EXERCISE BRIEF:
Please transcribe, exactly and only, the lines of the records below from the one holding "Used 2024 Chevrolet Trax RS FWD image 30" to the very end.

INFORMATION GIVEN:
- Opening Delimiter -
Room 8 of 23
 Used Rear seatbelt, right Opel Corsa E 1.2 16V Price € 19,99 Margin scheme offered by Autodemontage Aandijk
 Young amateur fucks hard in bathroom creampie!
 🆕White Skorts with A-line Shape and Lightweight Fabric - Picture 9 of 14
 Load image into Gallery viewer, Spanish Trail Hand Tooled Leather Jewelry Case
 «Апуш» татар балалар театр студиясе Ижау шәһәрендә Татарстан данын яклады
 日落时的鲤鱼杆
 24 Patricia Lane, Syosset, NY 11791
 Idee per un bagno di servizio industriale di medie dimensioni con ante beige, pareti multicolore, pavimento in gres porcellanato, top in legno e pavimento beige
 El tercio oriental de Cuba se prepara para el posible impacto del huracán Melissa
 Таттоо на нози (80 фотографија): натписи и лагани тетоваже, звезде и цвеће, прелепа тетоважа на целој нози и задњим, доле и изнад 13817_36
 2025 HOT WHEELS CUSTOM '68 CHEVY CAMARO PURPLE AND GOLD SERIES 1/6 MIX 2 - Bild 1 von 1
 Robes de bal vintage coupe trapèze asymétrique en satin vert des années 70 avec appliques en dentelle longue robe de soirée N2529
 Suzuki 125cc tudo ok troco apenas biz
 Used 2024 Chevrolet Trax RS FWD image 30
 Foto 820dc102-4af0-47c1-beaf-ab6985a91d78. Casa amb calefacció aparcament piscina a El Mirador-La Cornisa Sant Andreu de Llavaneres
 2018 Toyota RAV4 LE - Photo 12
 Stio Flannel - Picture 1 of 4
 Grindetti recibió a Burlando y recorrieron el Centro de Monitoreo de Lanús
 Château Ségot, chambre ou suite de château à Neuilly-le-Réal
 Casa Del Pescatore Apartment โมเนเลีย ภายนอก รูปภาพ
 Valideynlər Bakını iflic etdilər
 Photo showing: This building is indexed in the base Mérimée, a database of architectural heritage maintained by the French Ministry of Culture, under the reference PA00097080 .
- Closing Delimiter -
RESPONSE AREA:
 Used 2024 Chevrolet Trax RS FWD image 30
 Foto 820dc102-4af0-47c1-beaf-ab6985a91d78. Casa amb calefacció aparcament piscina a El Mirador-La Cornisa Sant Andreu de Llavaneres
 2018 Toyota RAV4 LE - Photo 12
 Stio Flannel - Picture 1 of 4
 Grindetti recibió a Burlando y recorrieron el Centro de Monitoreo de Lanús
 Château Ségot, chambre ou suite de château à Neuilly-le-Réal
 Casa Del Pescatore Apartment โมเนเลีย ภายนอก รูปภาพ
 Valideynlər Bakını iflic etdilər
 Photo showing: This building is indexed in the base Mérimée, a database of architectural heritage maintained by the French Ministry of Culture, under the reference PA00097080 .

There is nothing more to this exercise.